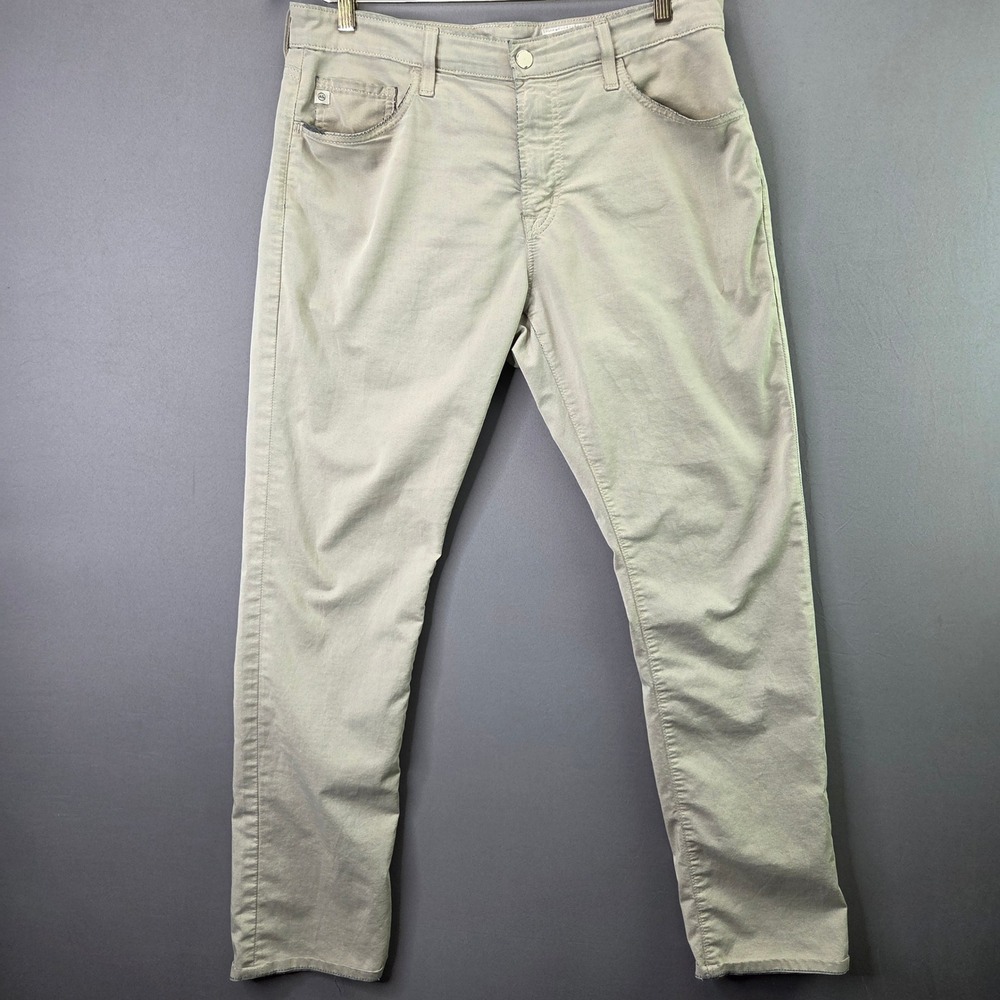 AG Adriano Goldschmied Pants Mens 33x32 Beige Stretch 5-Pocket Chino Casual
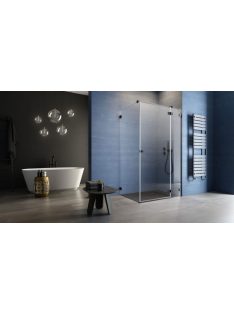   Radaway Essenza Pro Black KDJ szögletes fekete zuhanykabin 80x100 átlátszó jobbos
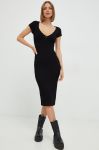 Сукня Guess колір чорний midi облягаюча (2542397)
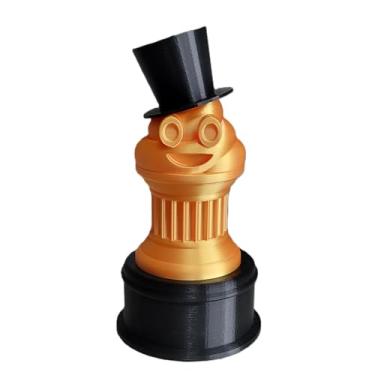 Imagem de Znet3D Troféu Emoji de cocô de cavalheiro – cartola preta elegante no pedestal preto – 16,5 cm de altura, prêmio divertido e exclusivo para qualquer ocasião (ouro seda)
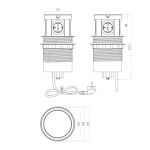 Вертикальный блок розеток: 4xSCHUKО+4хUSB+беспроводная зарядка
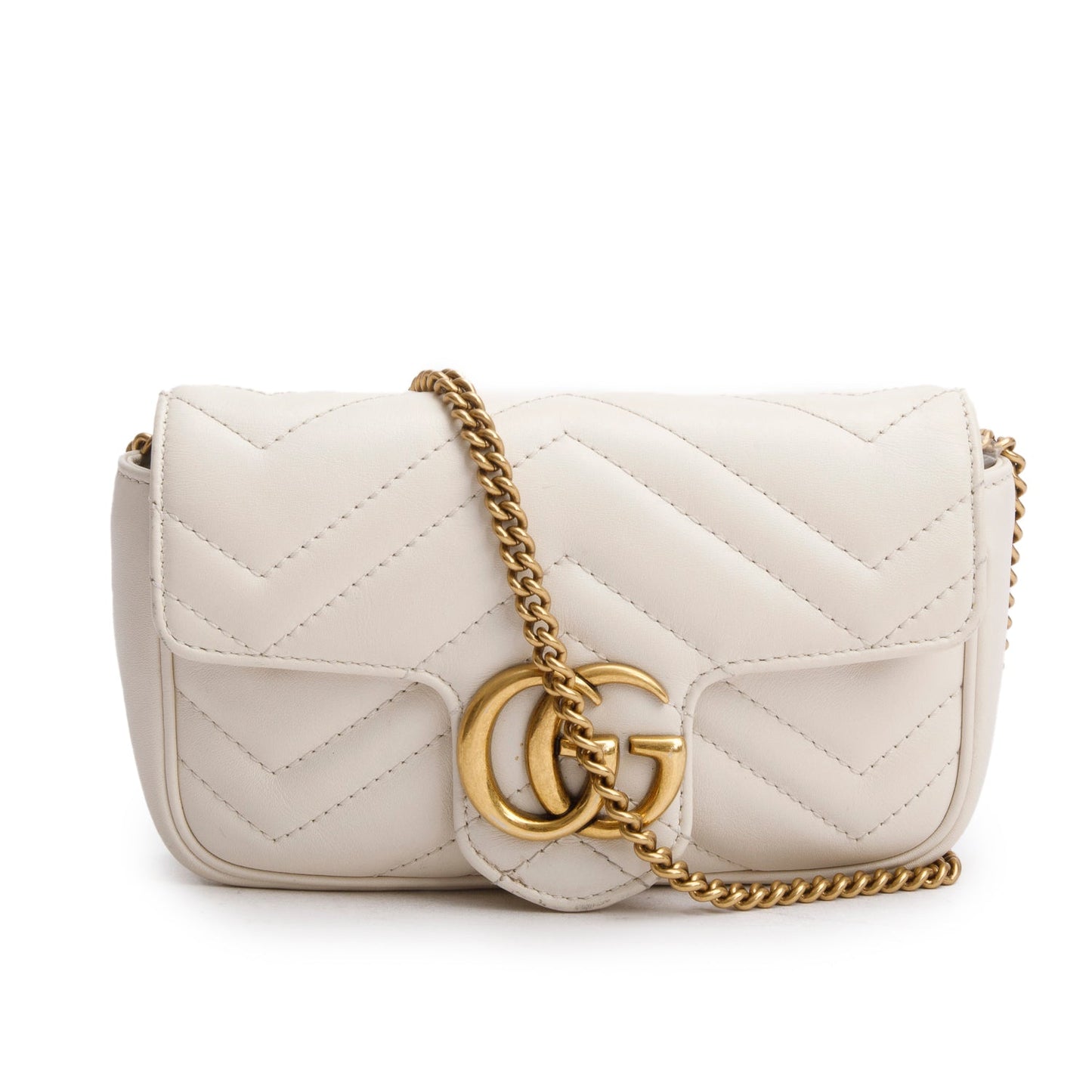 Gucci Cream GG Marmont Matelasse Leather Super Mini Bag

---

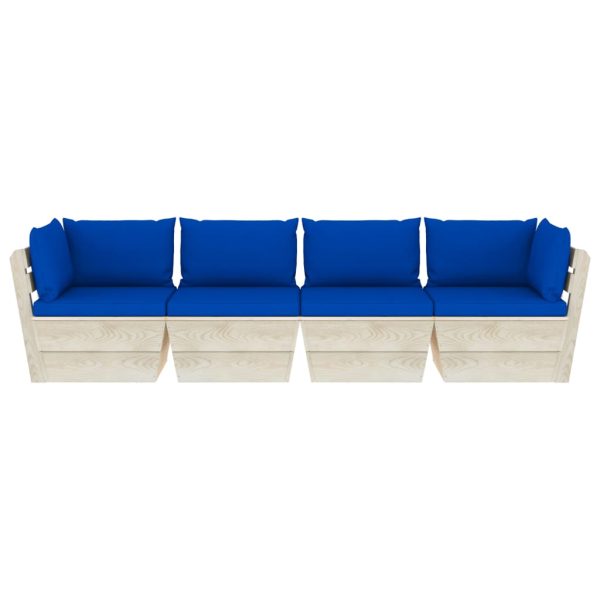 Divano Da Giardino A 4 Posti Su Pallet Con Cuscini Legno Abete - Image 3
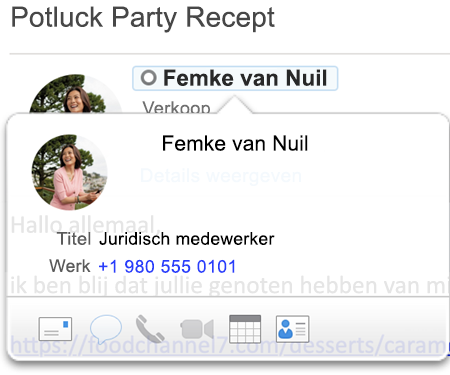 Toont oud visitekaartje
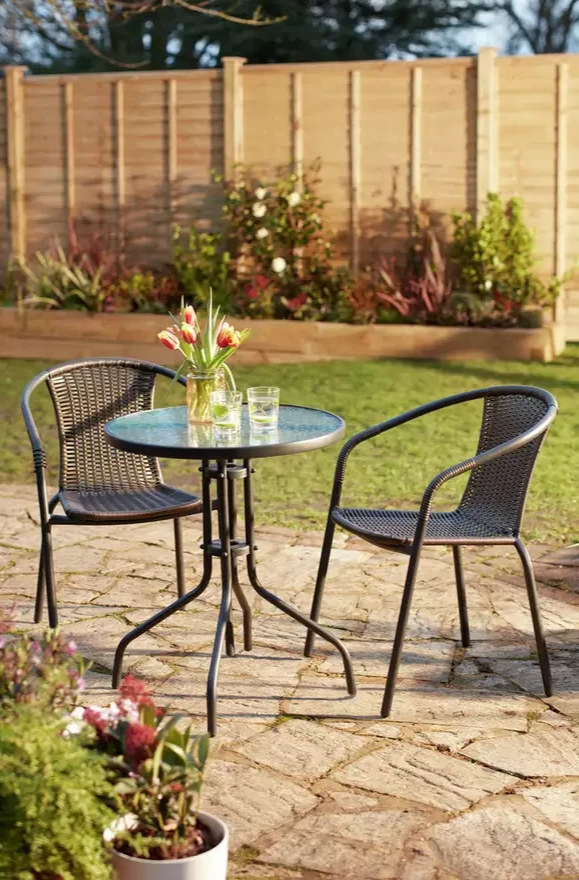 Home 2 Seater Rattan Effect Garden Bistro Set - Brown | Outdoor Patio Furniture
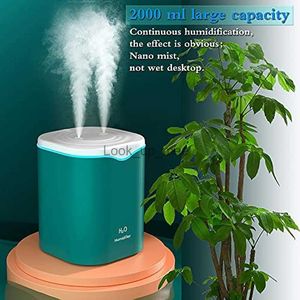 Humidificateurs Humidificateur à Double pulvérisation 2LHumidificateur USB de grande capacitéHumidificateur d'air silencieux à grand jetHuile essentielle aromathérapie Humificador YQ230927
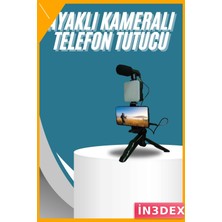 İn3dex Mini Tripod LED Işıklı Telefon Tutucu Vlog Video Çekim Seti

...

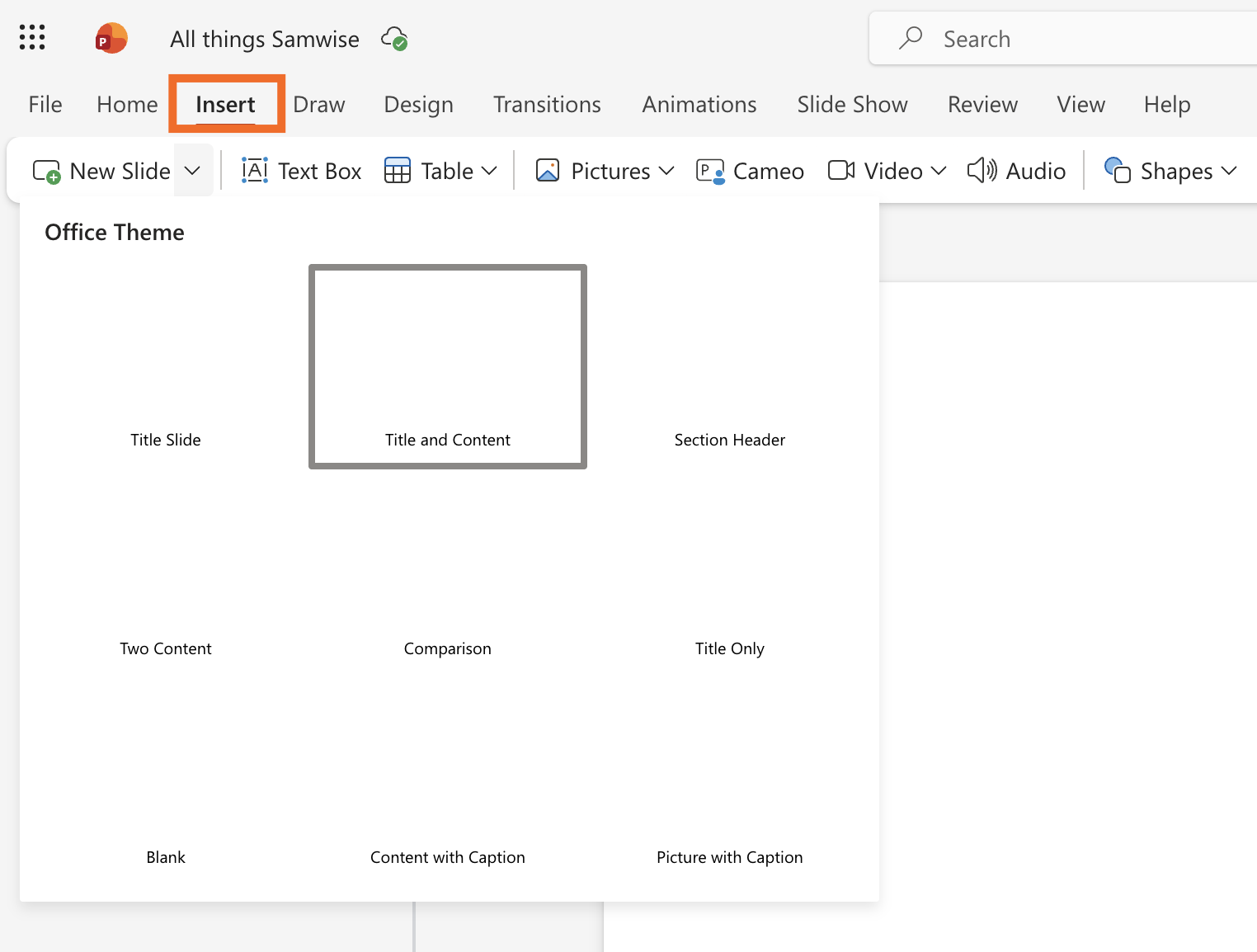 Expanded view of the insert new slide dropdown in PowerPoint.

▸ **THE TASK**
Working from the entries above, reproduce exactly and only the lines beginning with the line that has "AG Adriano Goldschmied" and ending with the line that has "Вертикальный блок розеток: 4xSCHUKО+4хUSB+беспроводная"; omit all pictures.

▸ **TASK OUTPUT**
 AG Adriano Goldschmied Pants Mens 33x32 Beige Stretch 5-Pocket Chino Casual
   Radaway Essenza Pro Black KDJ szögletes fekete zuhanykabin 80x100 átlátszó jobbos
 Сукня Guess колір чорний midi облягаюча (2542397)
 Imagem de Znet3D Troféu Emoji de cocô de cavalheiro – cartola preta elegante no pedestal preto – 16,5 cm de altura, prêmio divertido e exclusivo para qualquer ocasião (ouro seda)
 Вертикальный блок розеток: 4xSCHUKО+4хUSB+беспроводная зарядка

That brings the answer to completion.